Prior to issuing SAB 121, the SEC did not consult banking regulators. That’s despite the obvious impact on banks – we highlighted it the next day. The President exercised his veto even though the Government Accountability Office (GAO) said SAB 121 was a rule that should have received Congressional approval. Without the veto, overturning SAB 121 would prevent the SEC from issuing further rules on the topic of digital asset custody, which appears to have been a key driver behind the President’s move.

President Biden said in a White House statement, “By virtue of invoking the Congressional Review Act, this Republican-led resolution would inappropriately constrain the SEC’s ability to set forth appropriate guardrails and address future issues. This reversal of the considered judgment of SEC staff in this way risks undercutting the SEC’s broader authorities regarding accounting practices. My Administration will not support measures that jeopardize the well-being of consumers and investors.”

However, one objection to SAB 121 is precisely that it undermines providing the highest safeguards to consumers for those who invest in cryptocurrencies or crypto ETFs. Banks are the most experienced in providing custody, with several looking after tens of trillions in client assets. SAB 121 makes it prohibitively expensive for banks – and only banks – to provide custody for cryptocurrencies and tokenized securities.

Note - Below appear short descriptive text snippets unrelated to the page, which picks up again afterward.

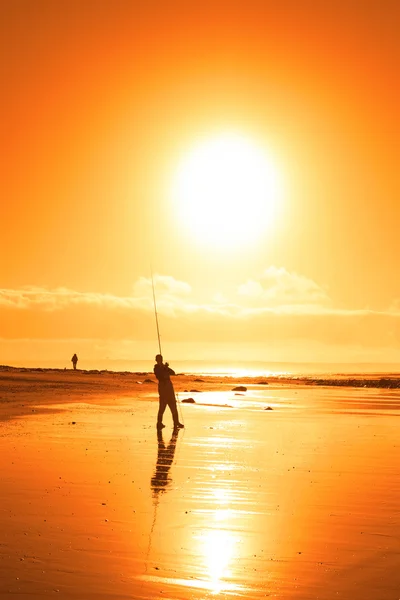 Lone fisherman fishing on the Ballybunion beach — Stock Photo, Image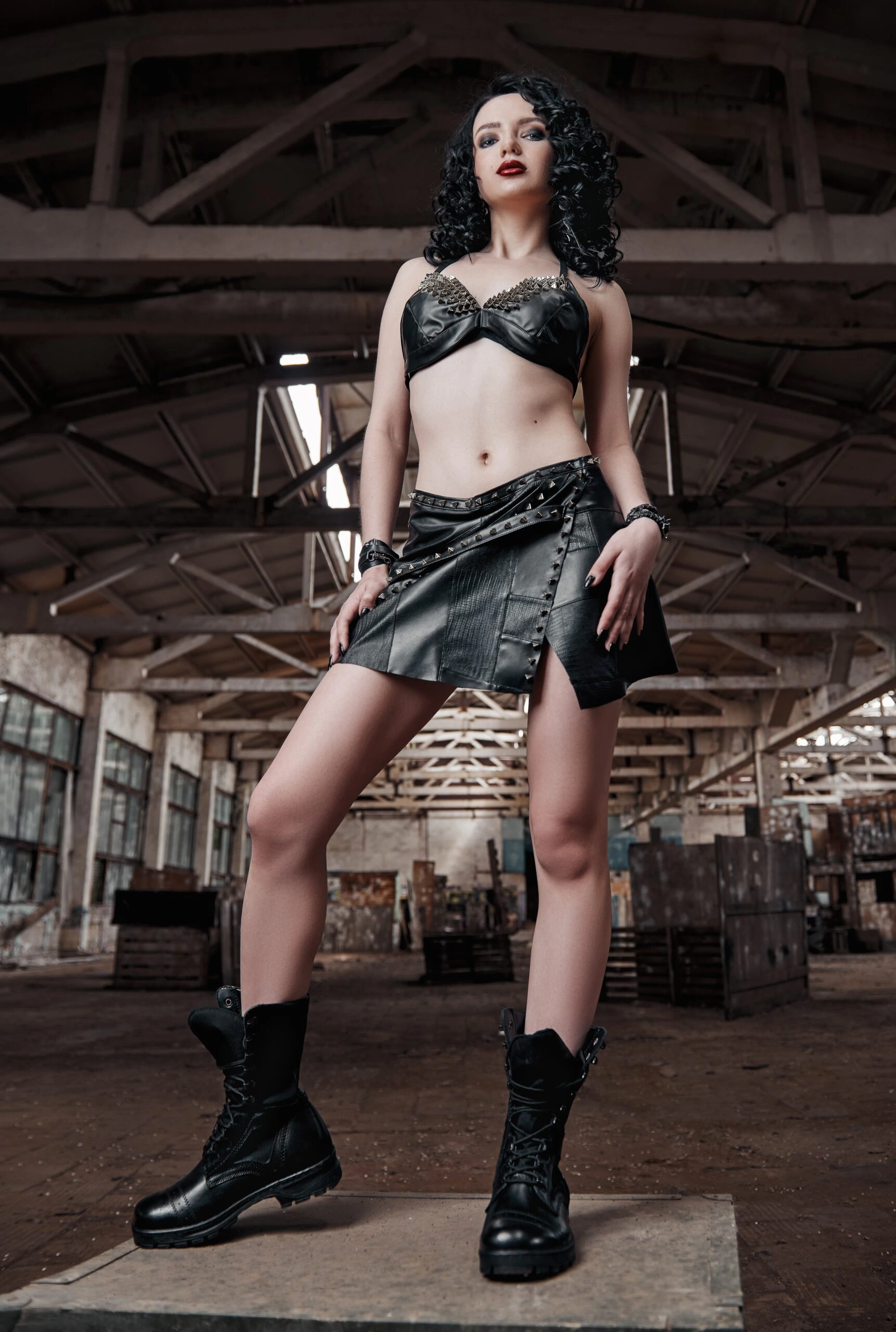 Full-body shot of a woman with black curly hair, in a black leather outfit complete with studded details and heavy black boots, standing with an assertive posture in an abandoned industrial setting.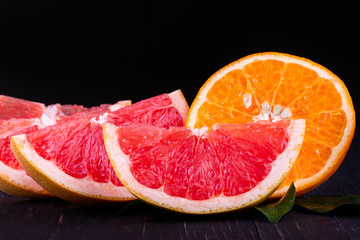orange and grapefruit juice On a wooden black background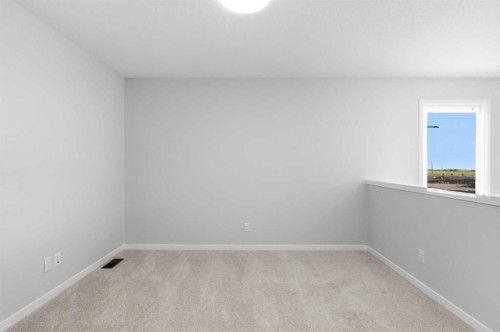 37 Rosemary Gardens Se, Calgary, AB - Indoor Photo Showing Other Room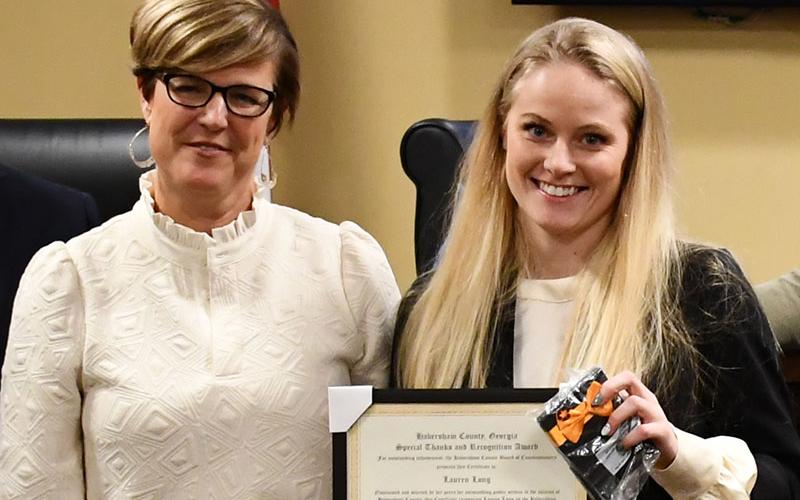 Lauren Long (right), shown being honored by County Manager Alicia Vaughn last year, has been writing grants for the county for 15 months. FILE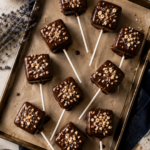 Tray of finished low carb chocolate covered marshmallow pops topped with hazelnuts, easy keto candy recipe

The SEC’s motivation with SAB 121 is to show that providing custody of digital assets is more risky than other asset classes. That’s partly because of cryptocurrencies’ bearer nature. However, banks are expected to have more formalized cybersecurity levels than cryptocurrency exchanges. Plus, the bearer risks do not apply to adequately constituted digital securities, where the issuer should have some control over who holds the assets. Nonetheless, SAB 121 applies to digital securities as well.

SAB 121 – limited political repercussions?

Senator Cynthia Lummis who introduced the resolution to the Senate said after the veto, “The SEC should never use staff accounting bulletins to determine policies – especially for industries it does not regulate.”

She continued, “Instead of listening to the will of the American people and reining in the SEC, President Biden doubled down on his administration’s failed policies at the expense of American consumers.”

In the past few weeks, Democrats gave mixed messages during an election year. Several Democrats supported the resolution to overturn SAB 121, and Congress passed the FIT 21 crypto legislation, with quite a few Democrats supporting it.

Additionally, the SEC did a 180 degree turn on Ethereum, saying Ether is a commodity while giving preliminary approval for listing Ether ETFs.

On the face of it, the SEC gave up something – its position that Ether is a security – in exchange for keeping SAB 121.

Classifying Ether as a commodity might help to avoid losing votes, but SAB 121 is a somewhat obscure issue for the general public and banks are unpopular. Hence, President Biden’s veto might have fewer political consequences.